By Raul de Frutos
In January, aluminum prices broke through the $1,800 per metric ton level. That was an important development signaling that bulls are taking over. Just a month ago, we pointed out that prices had upside potential.
We believe the key this year will be on the supply side and not as much on the demand side. These are some factors that could limit growth in aluminum output this year:
Pollution in China
A recent Chinese government document proposed that about a third of aluminum capacity in the provinces of Shandong, Henan, Hebei and Shanxi should be shut over the winter months. That sparked excitement among aluminum investors. These provinces account for over 20% of global aluminum output.
In addition, late last month, the country passed a law that will allow it to impose environmental protection taxes from January 2018, following an outbreak of hazardous smog in northern China, where many industrial producers are located.

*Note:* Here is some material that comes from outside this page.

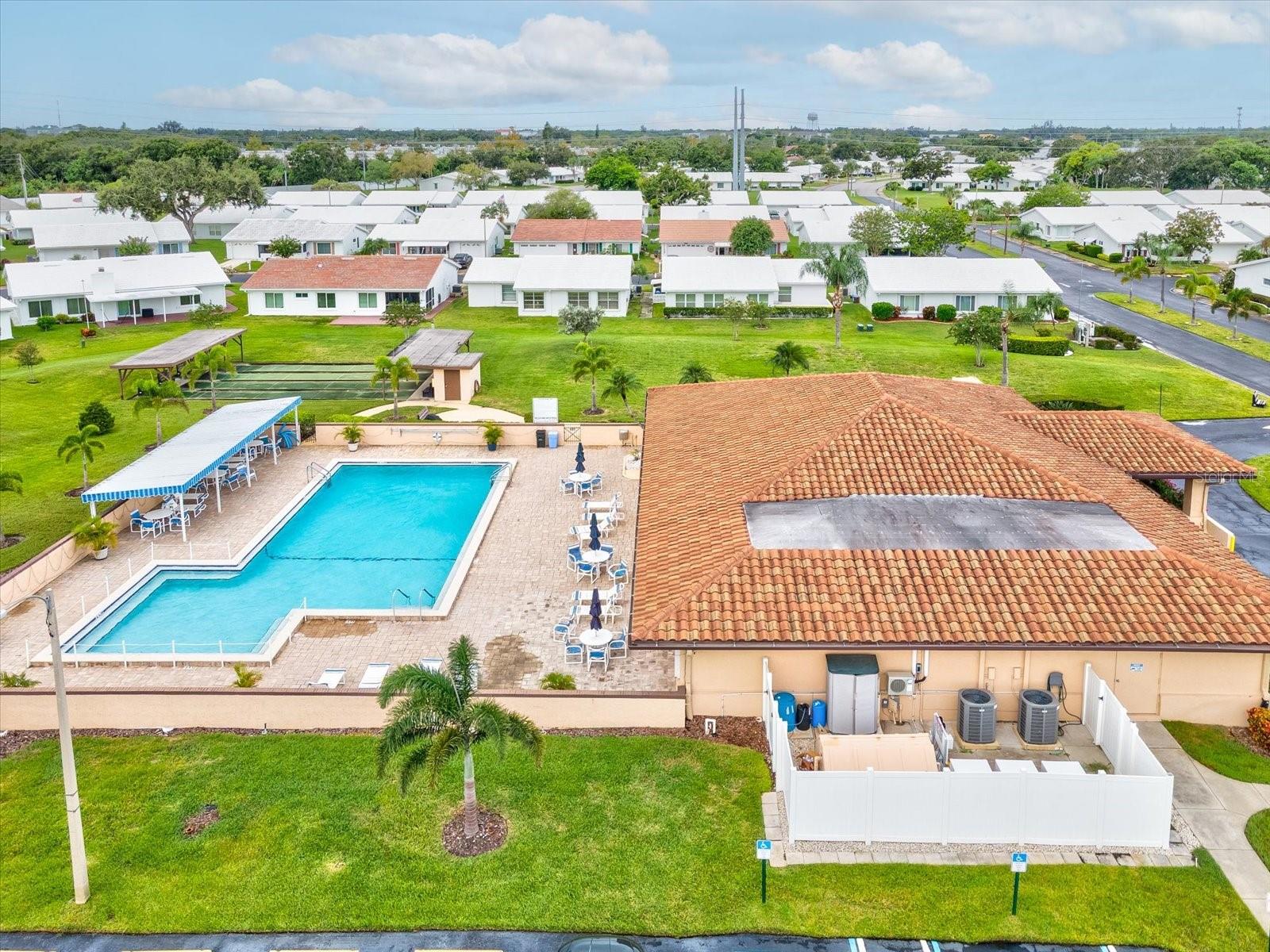 Listing photo id 68 for 9125 35th Way N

The takeaway is that China is taking air pollution seriously. Given that coal burning is the biggest contributor to air pollution in China, industrial metals supply could shrink this year, particularly steel and aluminum. Environmental closures are looking increasingly likely in China this year. What's still up in the air is how much energy-efficient capacity will replace shutdowns in dirty capacity.

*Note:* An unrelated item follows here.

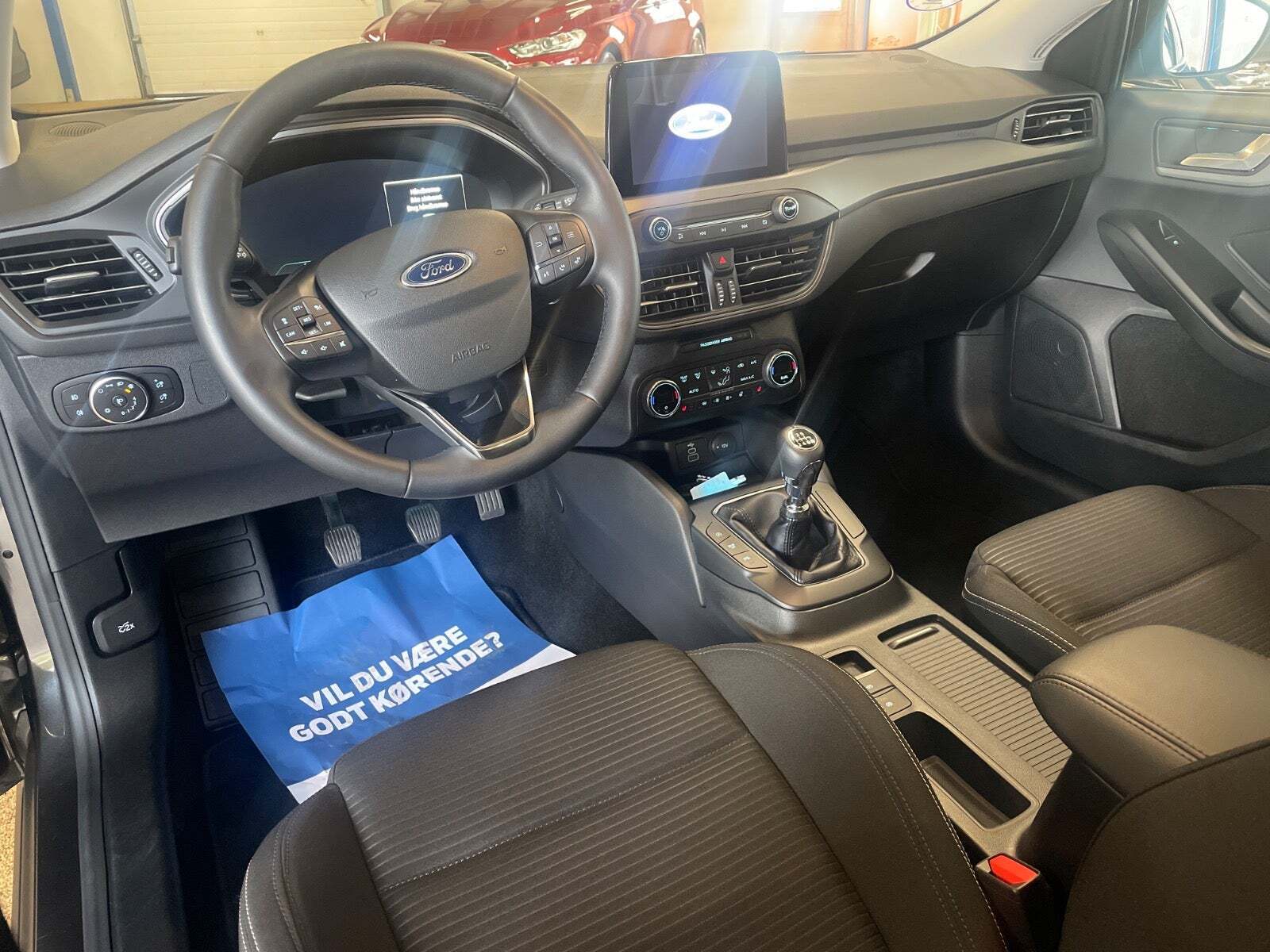 Grå Ford Focus fra 2022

The fight against imports is getting more serious and this is something that could support not only aluminum prices, but also midwest premiums, which rose to $0.09/pound in January. Recently, the U.S. launched a formal complaint against the Chinese government with the World Trade Organization over subsidies it says Beijing provides to the country's vast aluminum industry.
In addition, U.S. customs officials seized $25 million worth of aluminum linked to a Chinese billionaire accused of stockpiling the metal across the world. The move is the most potent action yet by federal authorities probing whether U.S. companies connected to Chinese magnate Liu Zhongtian illegally avoided nearly 400% tariffs by routing the metal through other countries.
The same combination of domestic environmental and foreign trade imperatives already forced China to get serious about steel capacity closures. Is it possible that we see a similar outcome in aluminum? Quite likely.
Rising Raw Material Costs
Many analysts argue that cutbacks in China won't happen because aluminum prices are well above last year's levels, when prices were trading at $1,450/mt. However, it's important to note that production costs are well above last year's levels, too. The increase in production costs will limit additional restarts this year.
Chinese coal production dropped 10% last year. Thermal coal prices doubled and hard coking coal prices quadrupled. China also proposed to close 50% of alumina refining capacity in Shandong, Shanxi, Hebei and Henan from November to March. Alumina prices already rose by more than 50% in 2016. Further shutdowns are likely to support prices of the raw material this year.